Part One of Pacifica Radio: A Listening Tour

  • Next: Facing the Factions

Saturday, March 22, 2014

Pacifica Radio’s Progressive Meltdown Continues

The Pacifica Foundation, a community radio network that includes WBAI-FM in New York, has dismissed its executive director, the latest tumultuous step for an organization that has been plagued by financial problems and acrimonious turnover among its management.

Summer Reese, who was named executive director in November after doing the job on an interim basis for more than a year, was fired by Pacifica’s national board on Thursday. In a brief statement on Friday, the board confirmed the move and thanked Ms. Reese “for her service to date,” but gave no explanation.

Ms. Reese’s dismissal is the latest in a series of changes in recent years that have destabilized Pacifica and its five stations. In August, WBAI, which operates a powerful signal at 99.5 FM but is millions of dollars in debt, laid off 19 of its 29 employees, including the entire news staff. The station, which is supported almost entirely by listener donations, has since been through two program directors and struggled publicly with its fund-raising.
- New York Times, March 18

"According to a media release Monday morning, Reese and a small group of supporters removed a padlock installed at Pacifica’s offices the previous day and “informed staffers that business would continue as usual.” (Tracy) Rosenberg claims the firing was illegal because of the three-year contract held by Reese, adding that she has “no doubt” that the board was planning to fire Reese for political reasons.
- Paul DeRienzo
The forces currently aligned with Summer Reese, including Gary Null, and with Bernard White, Lydia Brazon and Dan Siegel were already engaged in a long-term struggle by the time I arrived in January 2006. Many of the players still remain the same, and "takeover" rumors are currently being circulated by both factions. 

Contract issues were also involved in my departure, although I ultimately chose to leave rather than extend what was becoming a stalemate. Essentially the same leadership that retook control of the PNB and dismissed Reese urged my early departure and the selection of Nicole Sawaya (without interviewing any other candidates). Not a great transition, as it turned out, and entirely avoidable.

That said, no one faction is exclusively responsible for the network's decline. But snap dismissals are no better than bolt cutters in solving Pacifica's real problem - a crippling deficit of trust. In light of recent developments, I thought these 2010 reflections might be relevant...

A lot has happened since I left my job as Pacifica Radio’s Executive Director at the end of 2007. Almost a decade after she was abruptly fired former KPFA General Manager Nicole Sawaya returned as my replacement with enthusiastic support from the Board and community – but resigned twice over the next year. As the network approached its 60th anniversary it faced the most serious organizational and financial crisis in years. On-air fund drives, which bring in over 80 percent of the network’s income, weren’t meeting their goals, most stations had meager cash reserves, and WBAI was a half a million behind its target and mired in an internal power struggle that had been building for several years.
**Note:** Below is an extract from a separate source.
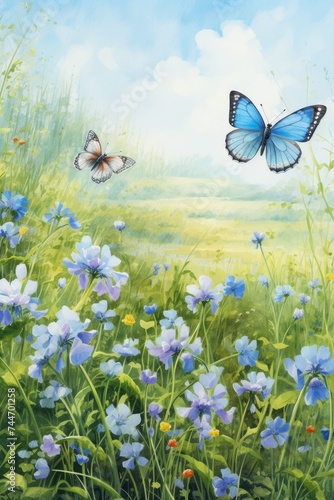 Beautiful summer or spring meadow with blue flowers of forget-me-nots and two flying butterflies. Wild nature landscape.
According to Casey Peters, Pacifica’s National Election Supervisor in 2007, a “vacuum of power” developed after my departure. “With obvious instability at the top,” he wrote in his final report, “the election campaigns descended into chaos.” When he tried to meet with Sawaya to discuss the process, she declined and told him “she opposed Pacifica Bylaws provisions for elected boards.”

The problems intensified further when Sawaya resigned and corporate counsel Dan Siegel stepped in. “He applied intimidation regarding the still-pending certification of KPFA results,” Peters claimed, “telling me that I would be fired if I did not do so promptly. The problem was that criteria for certification had not been met due to irregularities in the campaign.” Peters came to believe that Siegel was attempting to control the outcome of the vote. On March 13, 2008, as Peters was about to fly to New York for the WBAI vote count he received a message from Chief Financial Officer Lonnie Hicks. The word was that Siegel didn’t want him counting votes in New York. Furthermore, he was being fired.
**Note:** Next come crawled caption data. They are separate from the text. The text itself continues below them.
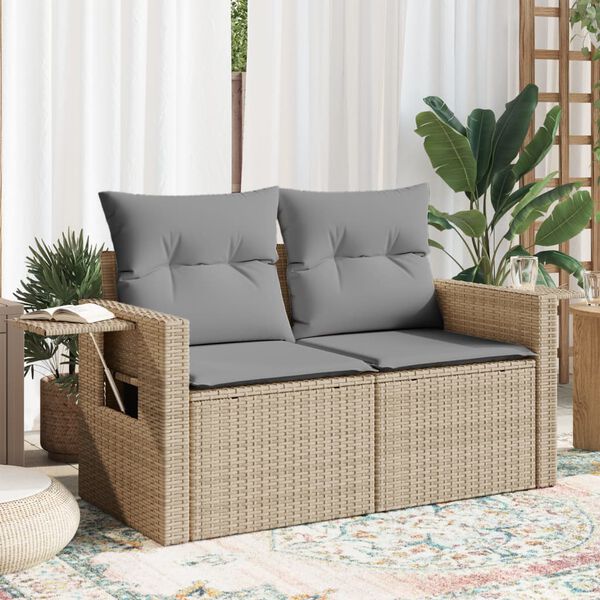 vidaXL Canap&eacute; de jardin avec coussins 2 places beige r&eacute;sine tress&eacute;e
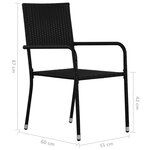 vidaXL Ensemble à manger de jardin 9 Pièces Noir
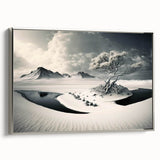 Framed canvas wall art showcasing a stunning glacier landscape design, featuring vibrant blues and whites, elegantly displayed with a silver frame, ideal for modern decor.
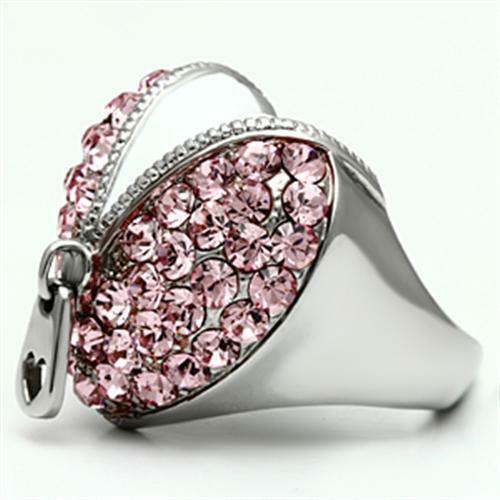 TK652 – High polished (no plating) Stainless Steel Ring with Top Grade Crystal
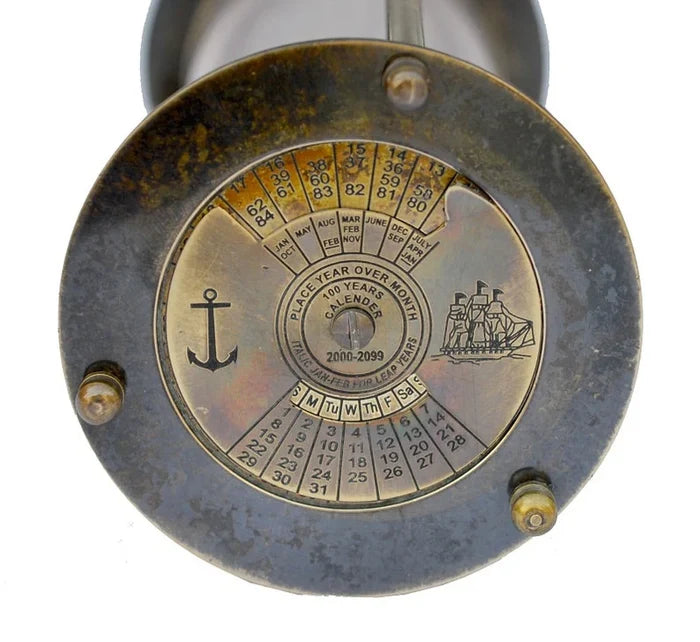 6 Antique Finish Sand Timer Decorative Brass Hourglass 100 Year Calendar Timer 5 Minute Hour Glass Timer Time Calculator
A few days later, according to Peters’ account, Siegel entered his home without notice and startled his wife. “His intent was to confiscate election equipment and materials,” Peters wrote. “Siegel had apparently been drinking, and sat in a rented SUV flashing his headlights into our bedroom. Marilyn called the police to stop the harassment. We seriously considered pressing trespass and assault charges, but felt any publicity about the incident would not look good for the Pacifica Foundation.” Nevertheless, after the elections a lawsuit was filed by one faction at WBAI against the network and its representatives.

In Spring 2008, a fight over financial control between Hicks and Sawaya, who had been wooed back after her first resignation, resulted in a Board decision to give her the right to directly supervise the national financial staff, something I’d sought without success. Unfortunately, after a three month absence she faced a rapidly worsening picture. Frustrated by a costly organizational structure that often blocked change, she openly called it “unsustainable.”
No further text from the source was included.